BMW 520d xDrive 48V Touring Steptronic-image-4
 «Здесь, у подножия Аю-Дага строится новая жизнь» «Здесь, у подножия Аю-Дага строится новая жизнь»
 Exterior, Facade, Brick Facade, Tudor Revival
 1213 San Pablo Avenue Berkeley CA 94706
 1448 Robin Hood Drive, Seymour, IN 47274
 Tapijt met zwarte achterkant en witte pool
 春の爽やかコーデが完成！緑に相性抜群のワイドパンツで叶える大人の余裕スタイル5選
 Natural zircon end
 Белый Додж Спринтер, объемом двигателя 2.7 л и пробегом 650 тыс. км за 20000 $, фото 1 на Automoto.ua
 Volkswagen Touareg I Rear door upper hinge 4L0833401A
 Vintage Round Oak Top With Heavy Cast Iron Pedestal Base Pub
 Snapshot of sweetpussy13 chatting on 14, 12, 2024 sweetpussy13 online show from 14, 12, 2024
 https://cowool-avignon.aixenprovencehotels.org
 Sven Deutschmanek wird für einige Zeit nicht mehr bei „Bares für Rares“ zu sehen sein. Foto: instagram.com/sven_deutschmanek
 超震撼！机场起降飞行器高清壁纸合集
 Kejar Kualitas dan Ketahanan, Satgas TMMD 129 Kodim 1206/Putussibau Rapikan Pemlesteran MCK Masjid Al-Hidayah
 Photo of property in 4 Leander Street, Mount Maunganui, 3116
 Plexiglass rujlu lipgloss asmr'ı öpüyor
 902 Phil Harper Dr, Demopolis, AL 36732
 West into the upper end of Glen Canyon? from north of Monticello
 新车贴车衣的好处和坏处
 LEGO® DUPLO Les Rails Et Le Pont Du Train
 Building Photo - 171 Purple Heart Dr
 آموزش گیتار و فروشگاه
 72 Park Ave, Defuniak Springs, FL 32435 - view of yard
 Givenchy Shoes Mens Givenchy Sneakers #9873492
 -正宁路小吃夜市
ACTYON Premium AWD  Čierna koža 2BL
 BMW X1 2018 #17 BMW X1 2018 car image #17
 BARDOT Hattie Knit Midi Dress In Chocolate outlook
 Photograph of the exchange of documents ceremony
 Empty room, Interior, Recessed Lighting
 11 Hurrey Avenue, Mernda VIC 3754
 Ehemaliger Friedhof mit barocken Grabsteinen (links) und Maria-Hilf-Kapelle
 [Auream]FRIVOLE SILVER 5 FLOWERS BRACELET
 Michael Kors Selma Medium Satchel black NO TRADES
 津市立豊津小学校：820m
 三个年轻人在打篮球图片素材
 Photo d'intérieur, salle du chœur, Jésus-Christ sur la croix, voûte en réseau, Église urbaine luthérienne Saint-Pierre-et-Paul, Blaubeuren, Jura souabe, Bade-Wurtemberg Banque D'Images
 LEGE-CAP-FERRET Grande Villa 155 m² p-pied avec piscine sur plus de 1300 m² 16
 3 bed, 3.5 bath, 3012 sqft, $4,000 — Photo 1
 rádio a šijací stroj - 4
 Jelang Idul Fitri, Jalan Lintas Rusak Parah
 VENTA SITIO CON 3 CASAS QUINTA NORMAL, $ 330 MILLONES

○ ○ ○ ○

• **Instructions to follow**
State how many lines of the records contain the word "from". Give that number alone.

• **The completed task**
2